I have this tendency of not being in the present. I am always thinking ahead. I have a hard time just being and enjoying the NOW. I have tried hard these last 5 years of acknowledging it and working on it. But I also have this mentality that whenever I complete something it is never enough. With my business there are pros and cons to this. It keeps my moving and always pushing myself to work harder, to try new things which I think is important in keeping a business fresh but it gets in the way sometimes too of enjoying where I am now in my work and personal life.
I have been making bags for almost 7 years now. I have learned a lot but also have loads and loads to still learn with running a business and in bag making. Which is exciting but also overwhelming at times. In these 7 years I have grown as a person too. I bought land with my boyfriend, we had a child, we built a studio, we created a garden and each season so much change feels like it has taken place especially with a child around. I am excited for the future and excited for the now.

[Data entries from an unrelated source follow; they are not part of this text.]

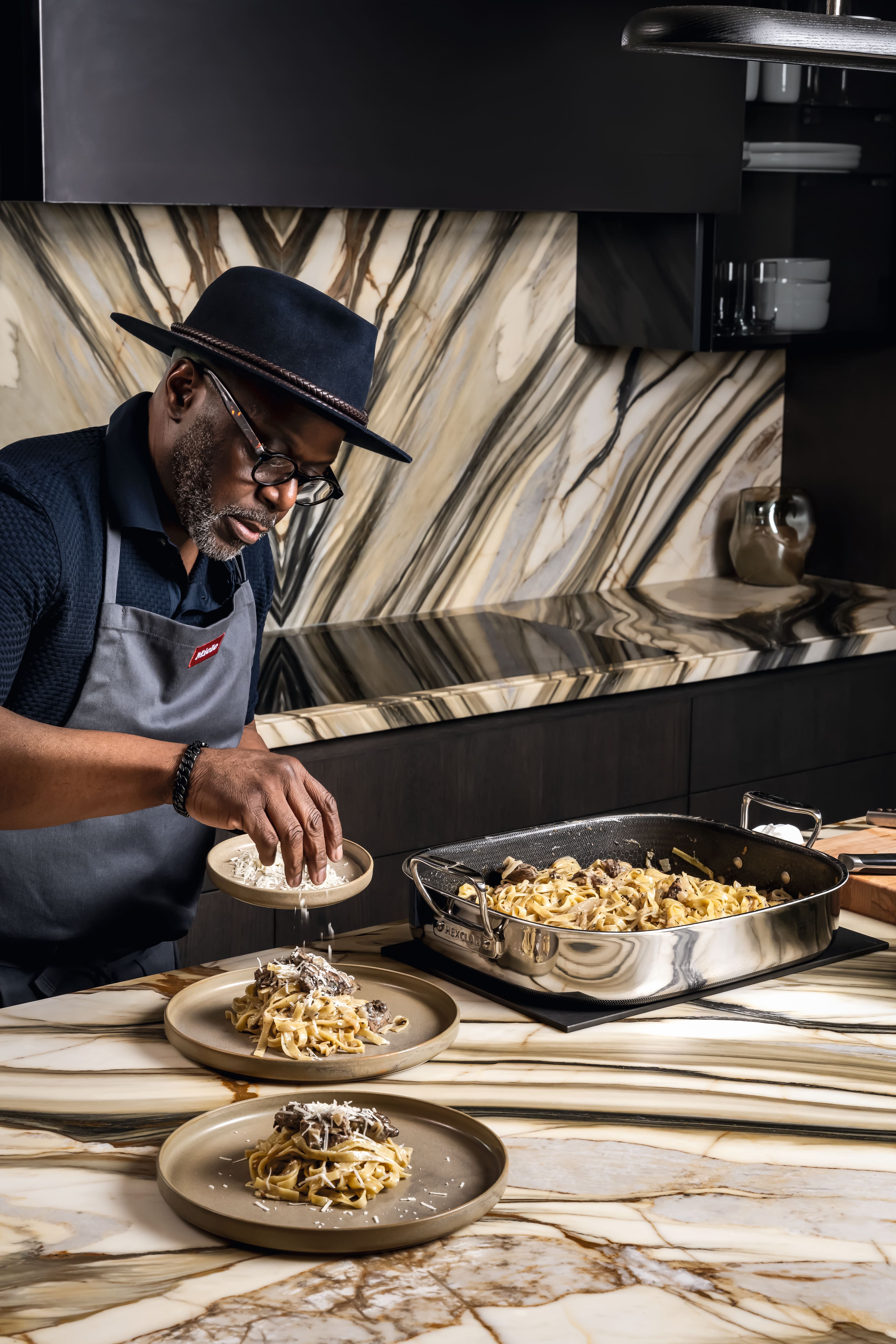 A person wearing a hat and apron stands in a modern kitchen with dramatic marble-patterned surfaces.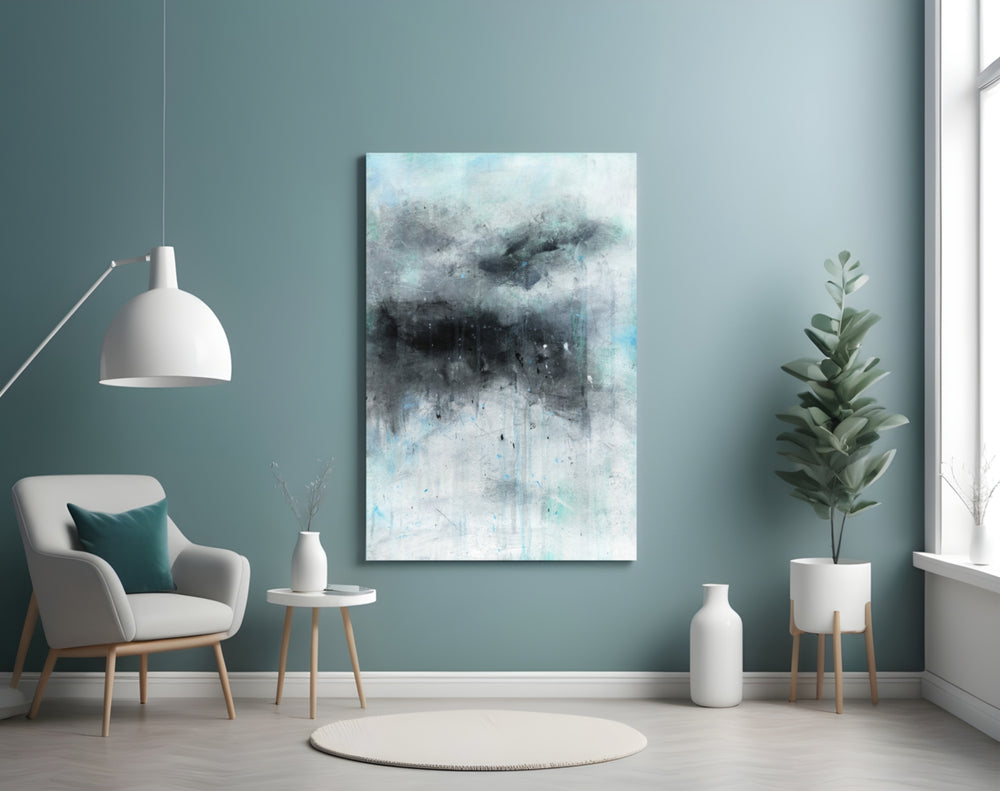 Abstract glass wall art styled above a sofa in a brooding-palette lounge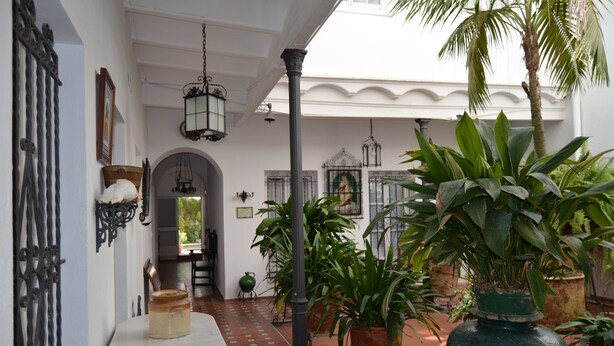 A covered courtyard with a tiled floor, potted plants, and hanging lanterns. - In the center, apartment in manor house. (Sanlúcar de Barrameda)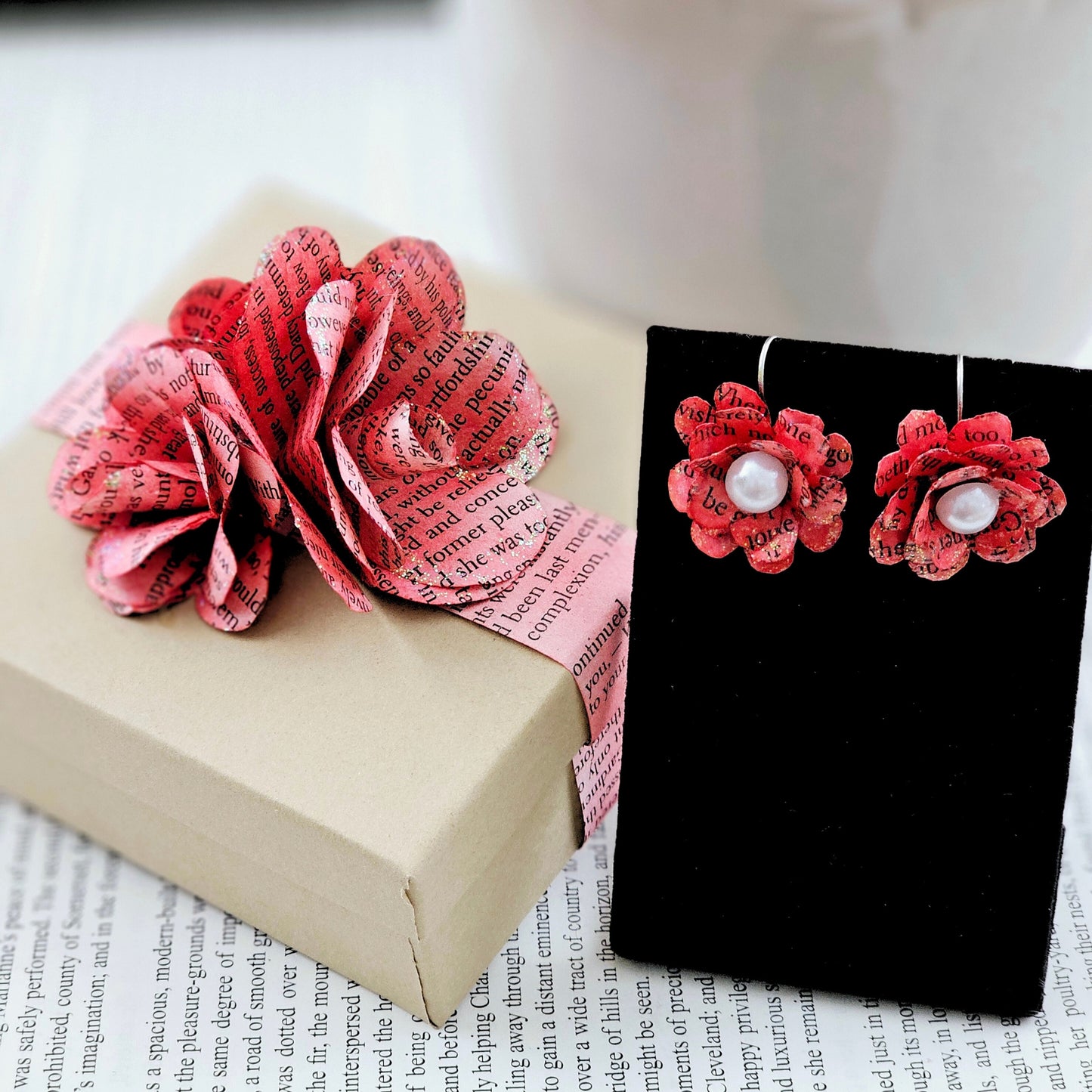 Red Rose Book Page Earrings, Drop Ear Wire made of stainless steel. The center of the rose has a whie acrylic accent. Each pair comes in a gift box adorned with 3 paper roses.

As we dive into this new season of longer nights and shorter days I can get overwhelmed with the to-do's and lack of light outside. But this season I am really trying to take in the now and leave the stress for another time. I have come to realize that the long list of projects around our property and the long list of dreams, goals and ideas for my business will always be there too changing and growing but my little one will only be so little for so long. These long winter nights ahead is a time to slow down and be in the present. Summer is the time for crazy schedules and taking on too much. I need to leave some season to reflecting and I think this is it. Me attempting to be more present we will see how it goes!